Watching the Fog of War is like inviting RSMcN to your living room to hear his side of the story. Like him, or revile him, this documentary is candidly enigmatic. At times, you take what he has to say at face value. At others, he reminds you, using one of his lessons, that what is said and what is heard may not necessarily be true. He makes no apologies. He simply states, "Any military commander will tell you that they have made mistakes. It's the Fog of War."
Do not miss the Special Features section; his memory of his comments to a protester at the World Bank is priceless.
What you should know...
[as a veteran of both the first and second American Gulf Wars, as well as the Balkan wars of the 90s, i have to admit i'm biased; war sucks, and i'm a sucker for people who admit that war sucks. knowing this, you should also know that i admire rummy, as he is RSMcN if RSMcN were SECDEF today. If you revile rummy, watch this documentary if only to study your enemy.]

Rating: 5 stars
Summary: Great , edgy documentary of the lie of politics and war
Review: Wow this was a great documentary after watching movies by
Michael Moore I thought he was the only that could present
topics like these but was I wrong. Errol Morris won an Oscar for his work in this movie and it shows.

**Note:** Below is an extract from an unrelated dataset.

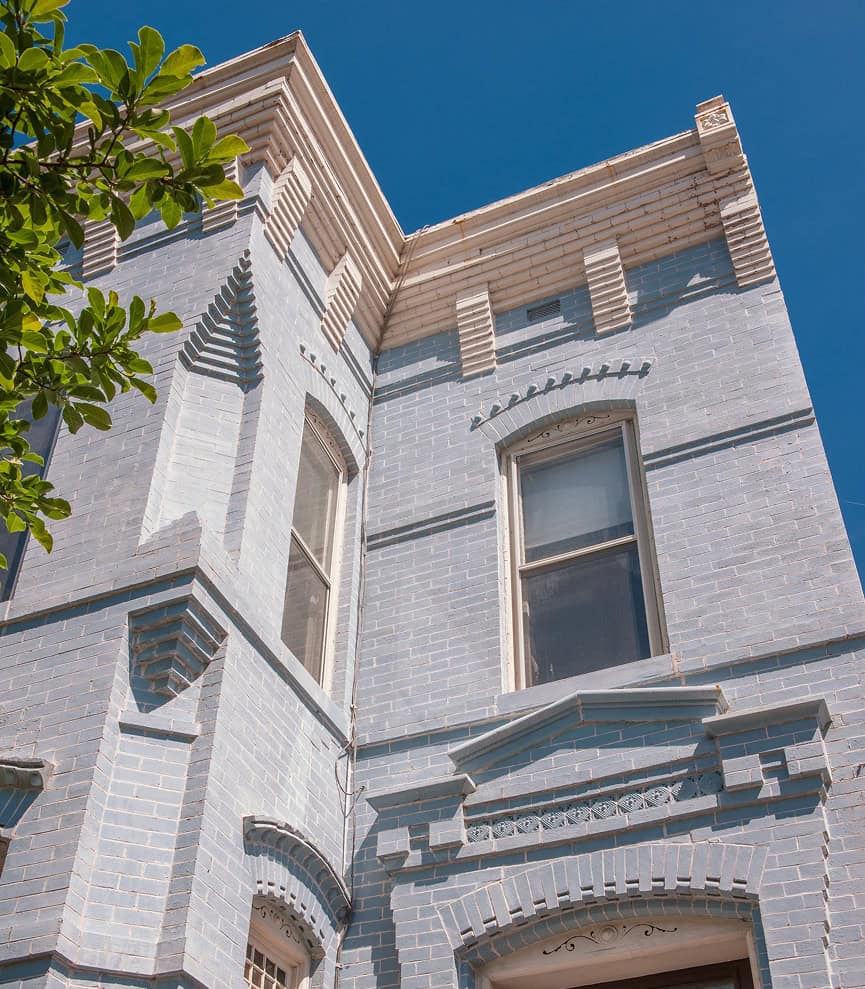 Historic brick building with detailed masonry and decorative architectural features.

Its just stunning imaginative, and hard hitting. There are no
lies in the film, no ramblings of a Republican spewing out
propaganda just cold hard fact. Morris interviews Robert McNamara, the former Secretary of Defense in the Kennedy and Johnson administrations and in great interview fashion McNamara
essentially bares his soul to the viewer.

Its not just a documentary buts its a reprieve of sorts for the
guy who has lead and participated in some of the most notorious
coverups and shames in American history from Vietnam to
the Cuban Missile Crisis to World War II.

Morris uses audio tapes captured from then President Lyndon
Johnson and McNamara to show us the sham that was Vietnam.

It wasnt about fighting the cold war people, it was about imposing our colonial ideals on a weaker nation. Just like
we did with the Soviet Union and left that nation in poverty,
there was never any proof they were going to attack us with
Castro, these are just the paranoid beliefs of one President
to the other.

McNamara tells us what we already know, there was no planning
for Vietnam It was a huge mistake that was financed merely
for profit. We were not liberating the Vietnamese, in fact
the Vietnamese did not want our presence.

He mentions the poor military technology that often made
mistakes such as when enemies attacked when they didnt.

He mentions that all his doings have been wrong and it took
many years as it usually does for a narrow minded individual
to wake up to the truth.

The 1995 meeting he had with a former Prime Minister sums
it up "We were not fighting Communism, he says we were
fighting for our Independence".

This is just an awesome film like "FAHRENHEIT 911" that has
to been and seen with a large gathering of people so we can
learn from our mistakes so we dont repeat them.